So far we have considered methods which are explaining the overall model behaviour. Local methods explain individual predictions. What we will cover:
- Individual conditional explanation curves (ICE)
- Shapley values

### Individual Conditional Expectation
- They are the building block for PDPs, illustrating how predictions for specific observations change, if only one feature is changed. 
- They have the same drawbacks as for PDPs, when features are correlated, some predictions in the lines might be invalid, because correpsonding observation may not even exist.
- The advantage relative to PDPs is, is that we get a better view on the heterogeneity of predictions.
- Formula: $\hat{f}_s(x_s)^i = \hat{f}(x_s, X_c^i)$

### Shapley Values

We often face the scenario that we have a high-dimensional model and the question is how much does each feature contribute to the specific prediction. To answer this question, we want to decompose the prediction into additive contributions of features.
* Shapley value is a method to conduct additive decomposition; the theory originates from cooperative game theory. 
* Features can be interpreted as players and predictions are the payout. 
* The problem to solve is: How to distribute the model’s prediction across features.
* The Shapley value solve the problem with following properties:
    * Efficiency: The feature contributions must add up to the difference of the **specific prediction** and the **average**:
    $$ \sum_i \phi_i = \hat{f}(x) - \mathbb{E}[\hat{f}(X)]$$
    * Symmetry: If features contribute equally, then $ϕ_i = ϕ_j$
    * Dummy: A feature that does not change the prediction should have Shapley value of $ϕj = 0$.
    * Additivity: If predictions are additive, so are Shapley values (e.g. for a model that sum result from multiple trees to form preditction, the Shapley values of the final model should also be the sum of Shapley values of individual trees).
* In a simple linear regression, the Shapley value of feature x_s for prediction i is simply $PD(x_s^i) - \mathbb{E}[PD(x_s)]$

![my plot](graphs/shapley_values.png)

When plotting Shapley values for multiple observations, we get a so-called **beeswarm plot**:
- This indicates which features have the largest impact on the predictions for given feature values.
- The feature with more dispersed Shapley values have the greater impact on the predictions.
- higher dispersion mean that, for more preditcions, the feature has either more negative or positive contribution.

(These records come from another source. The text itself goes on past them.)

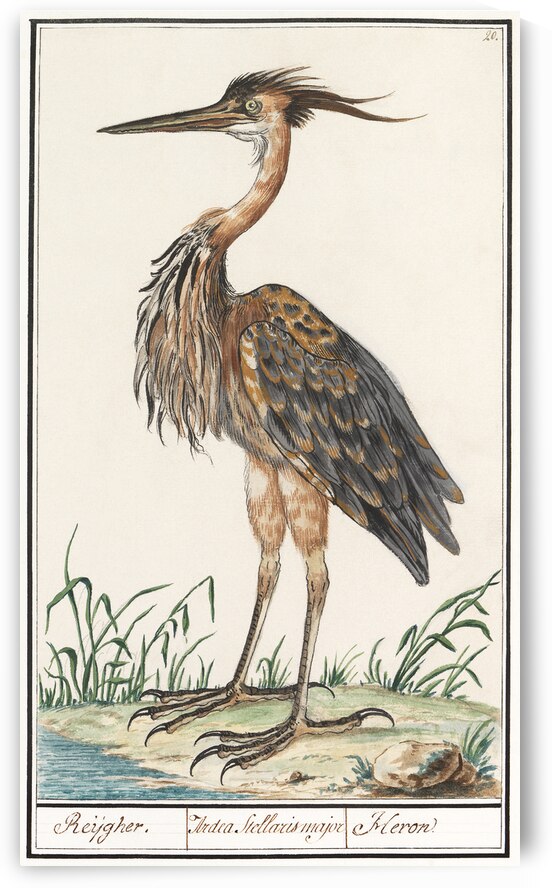 Purple heron in vintage style by IStockHistory com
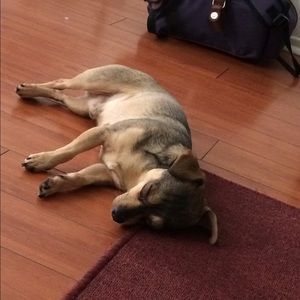 Meet your Posher, Britney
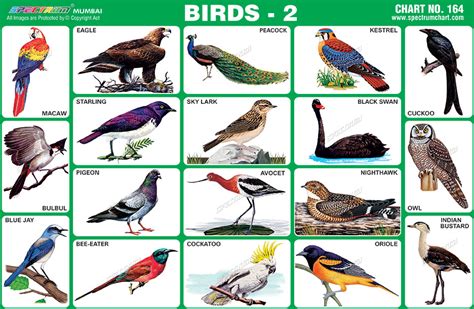 Bird Identification Chart By Color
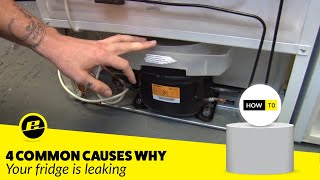 How to Fix a Leaking Fridge 4 Possible Ways [upl. by Yetta]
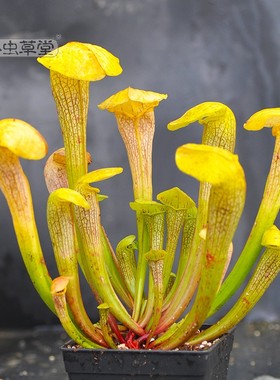 锤子头瓶子草悍马小虫草堂吃苍蝇食虫植物盆栽稀有贵货黄色阳台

![my plot](graphs/beeswarm.png)

Exact formula for Shapley values:
$$
\phi_i
= \sum_{S \subseteq F \setminus \{i\}}
\frac{|S|! \, (|F| - |S| - 1)!}{|F|!}
\left[
f_{S \cup \{i\}}(x_{S \cup \{i\}}) - f_S(x_S)
\right]
$$

where:
- $\phi_i $: Shapley value of feature i
- $ F $: set of all features despite i
- $ S $: any subset of F (iterate through all possible subset of F)
- $ \frac{|S|! \, (|F| - |S| - 1)!}{|F|!} $:  subset combinations
- $ f_{S \cup \{i\}} $: prediction made by model using features in S plus feature i (marginalizing left features by averaging predictions over the joint distribution of left features)
- $ f_S $: prediction made by model using features only in S (without feature i)


### SHAP
- The Shapley value requires a lot of computing time (and usually impossible), as we would have to compute the prediction marginalized over some features for all possible combinations of subsets of features
- SHAP is a good approximation for Shapley values purposed by Lundberg & Lee (2017).
- More details: Interpretable ML Chapter 9.